Severity Modelling
Why severity is a separate modelling target from collision frequency, and what the literature says about each
Open Road Risk’s Stage 2 outcome is the count of injury collisions per link-year, regardless of severity. All police-reported injury crashes — slight, serious, and fatal — are pooled into a single integer count and modelled against an exposure offset. This is a pragmatic choice at national scale with sparse data, but it comes with a known limitation: the mechanisms that cause a collision to be fatal or serious are not the same as those that cause a collision to occur in the first place, and conflating the two can misidentify which roads are highest-priority for intervention.
This page documents what the reviewed literature says about severity as a distinct modelling target, where the boundaries between frequency and severity lie, and what the leakage implications are for the current pipeline.
Frequency and severity are different estimands
The distinction runs through every paper in this section. A crash-frequency model asks: given this road’s features and traffic exposure, how many injury collisions per year are expected? A severity model asks: given that a collision has occurred, how serious is it likely to be?
Quddus, Wang and Ison (2010) make this explicit. Their paper estimates an ordered response model for M25 crash injury severity (slight / serious / fatal), using individual STATS19 crash records matched to 15-minute UKHA traffic data. They are explicit that their model “makes no attempt to estimate the actual probability of a specific accident occurring” — it conditions on a crash having happened and then models the severity outcome. The exposure variable (traffic flow) enters as a predictor of conditional severity, not as a rate denominator.
This has a concrete consequence for feature interpretation. In the Quddus et al. model, higher traffic flow is associated with less severe outcomes (more crashes, but lower mean severity per crash) — the opposite direction from what a frequency model would suggest. If these two effects were conflated in a single model, the sign and magnitude of the flow coefficient would be uninterpretable.
Michalaki et al. (2015) model motorway severity (hard shoulder vs. main carriageway, 2005–2011) and arrive at the same conclusion structurally. Their model uses post-crash STATS19 variables — contributory factors, number of vehicles, single-vehicle flag — as severity predictors. These are valid in a conditional severity model. They would constitute post-event data leakage in a collision frequency or risk ranking model.

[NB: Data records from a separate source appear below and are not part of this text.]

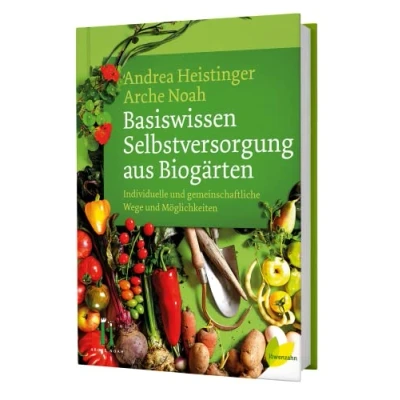 Abbildung von Basiswissen Selbstversorgung aus Biogärten: Individuelle und gemeinschaftliche Wege Möglichkeiten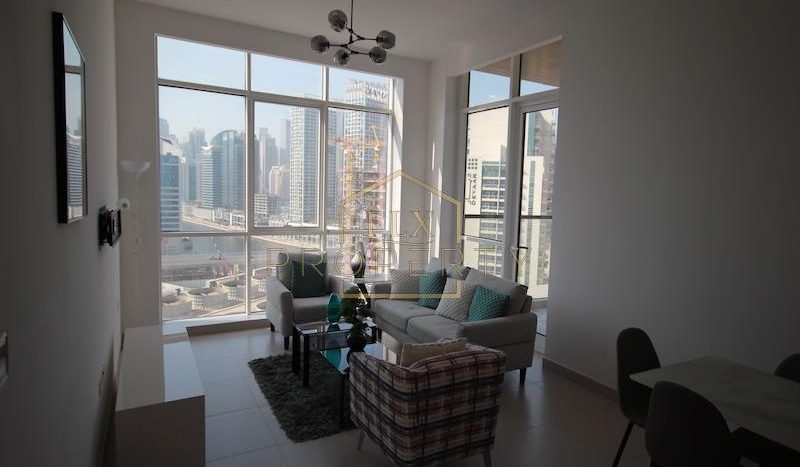 Apartment in Business Bay, Dubai, UAE 1 bedroom, 72.3m2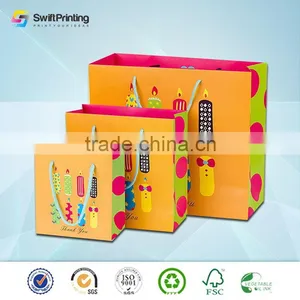 Cheap Hot Selling Matt Laminated Paper Bag thumbnail-1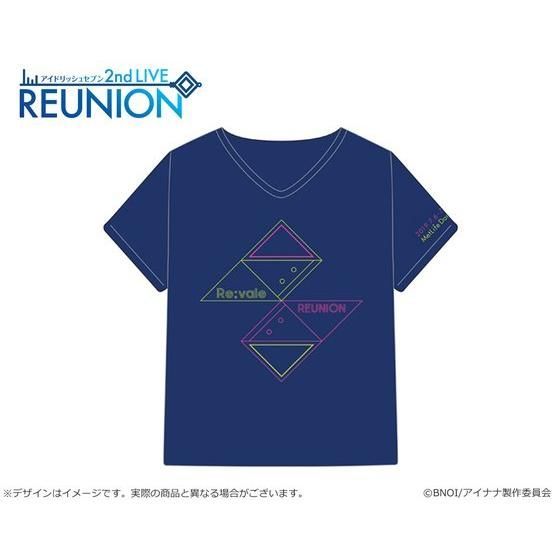 【ナナイロストア】アイドリッシュセブン 2nd LIVE 「REUNION」 カットソー Re:vale（レディースサイズ） | フィギュア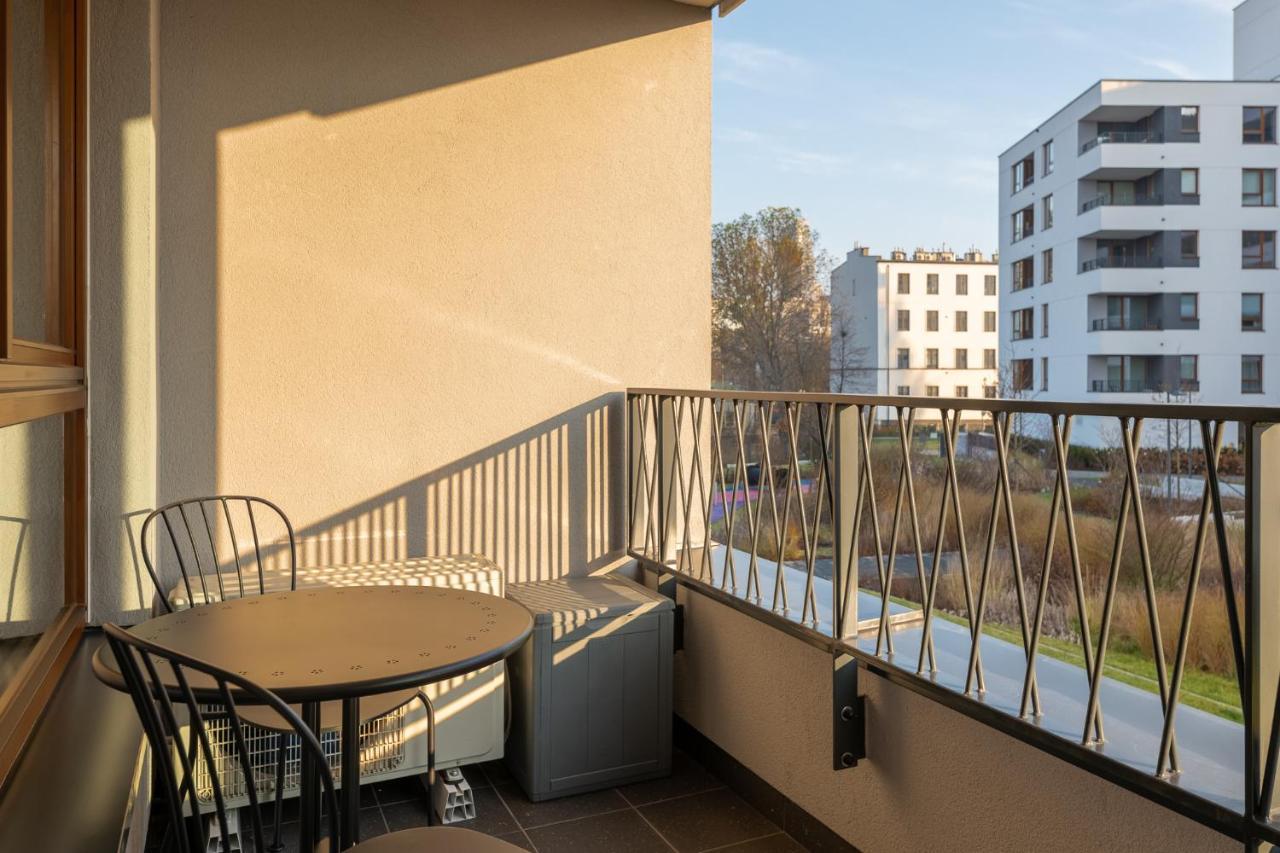 Nexthome Boutique Apartments - Klimatyzacja - Air Conditioning - New Warsaw Exterior photo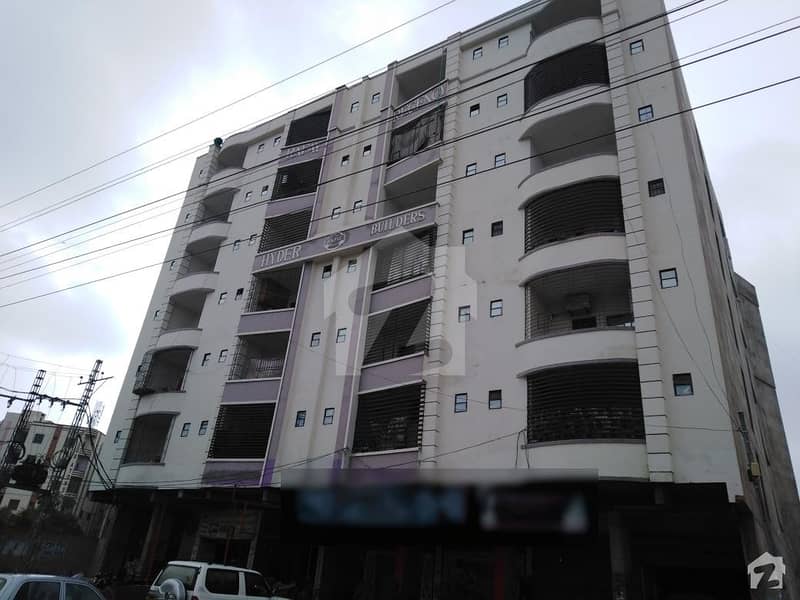 2nd Floor Flat Is Available For Sale At Tooba Arcade Near Allamdar Chowk Qasimabad Hyderabad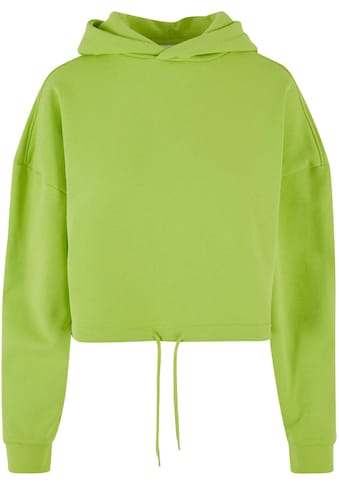 Kapuzenpullover »Urban Classics Damen Ladies Cropped Oversized Hoodie«, (1 tlg.)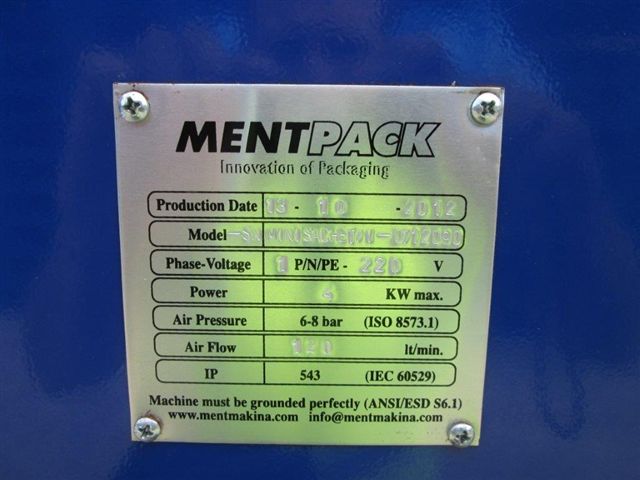 Used Ment - Sealing Machines, photo 7
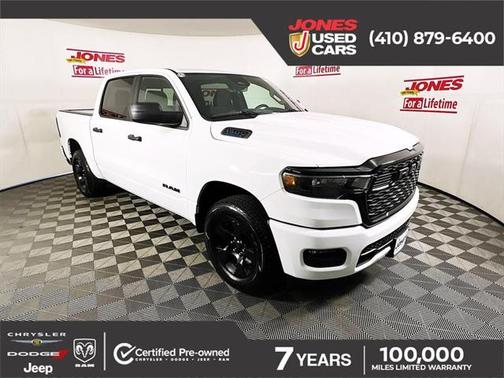 2025 RAM 1500 Tradesman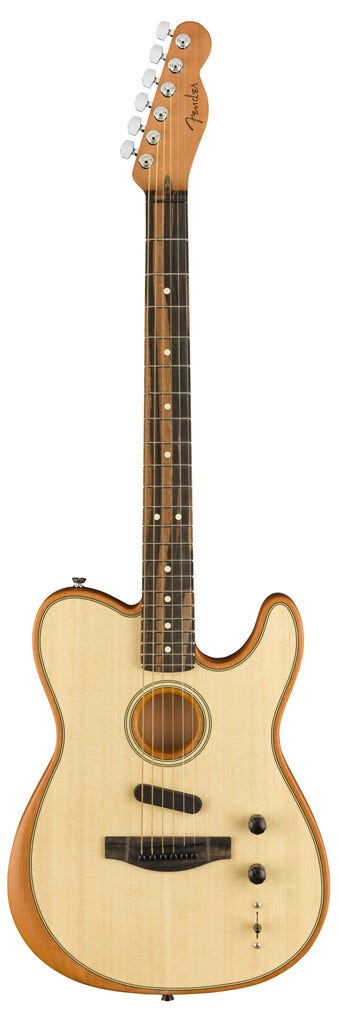 Fender American Acoustasonic Telecaster - Natural | Order Now!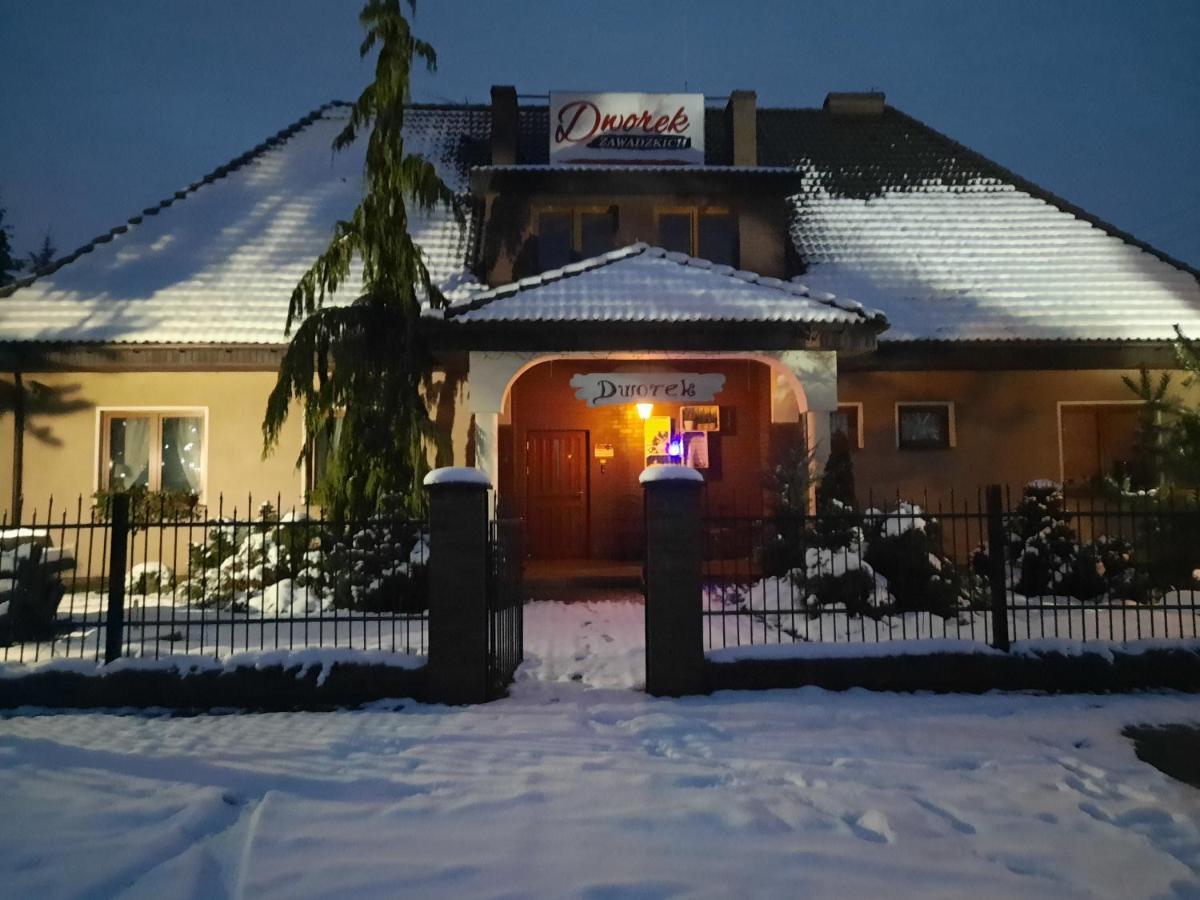 Dworek Zawadzkich Kruszyn  Extérieur photo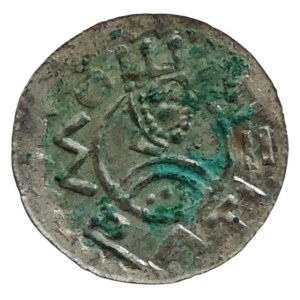 Vratislav II. 1061-1092, denarius Cach 354 copper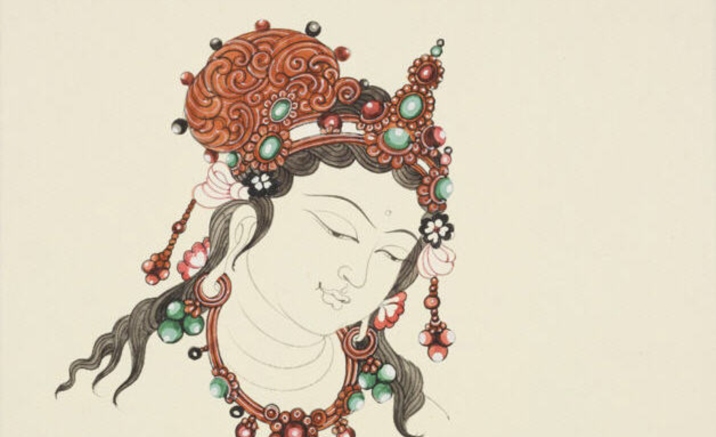 Dunhuang themed artworks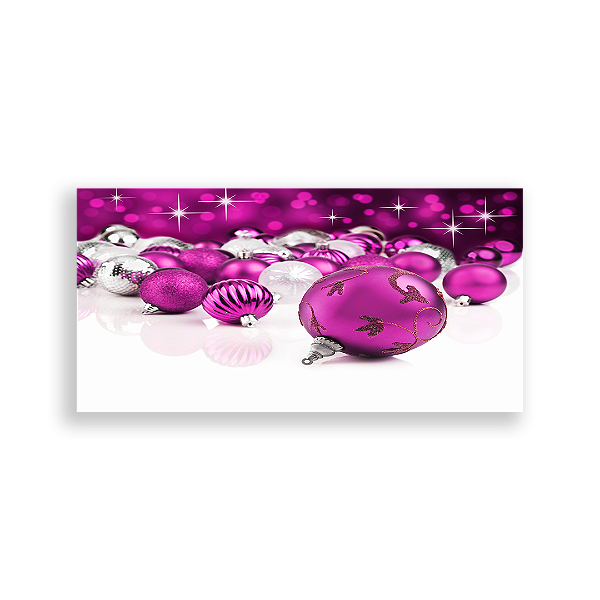 Painel Retangular - Natal - Sublimado 3D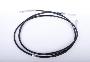 Image of Parking Brake Cable (Rear) image for your 2014 GMC Sierra 2500 HD 6.0L Vortec V8 FLEX A/T 4WD SLT Crew Cab Pickup Fleetside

Ma et al. (2019) distinguish the two estimands explicitly in their conclusions: “Fatality rates represent the rates of fatal accidents over all accidents, while accident rates mean the proportion of accidents over traffic volume. These are two different problems.”
Leakage boundary. The following STATS19 variables are valid for explanatory severity analysis (conditional on a crash), but must not enter Open Road Risk Stage 2 as predictors, because they are observed only after the crash occurs:
- Number of vehicles involved
- Number of casualties
- Single-vehicle crash flag
- Contributory factor codes (police officer’s opinion of cause)
- Crash type / manoeuvre codes
- Road surface condition at crash time
- Lighting condition at crash time (observed at crash, not from infrastructure data)
- Pedestrian / motorcycle involvement flag (at crash level)
These variables describe the accident. They cannot be known before the accident. Using them in a frequency or risk-ranking model creates a model that appears strong in-sample but has no prospective predictive validity.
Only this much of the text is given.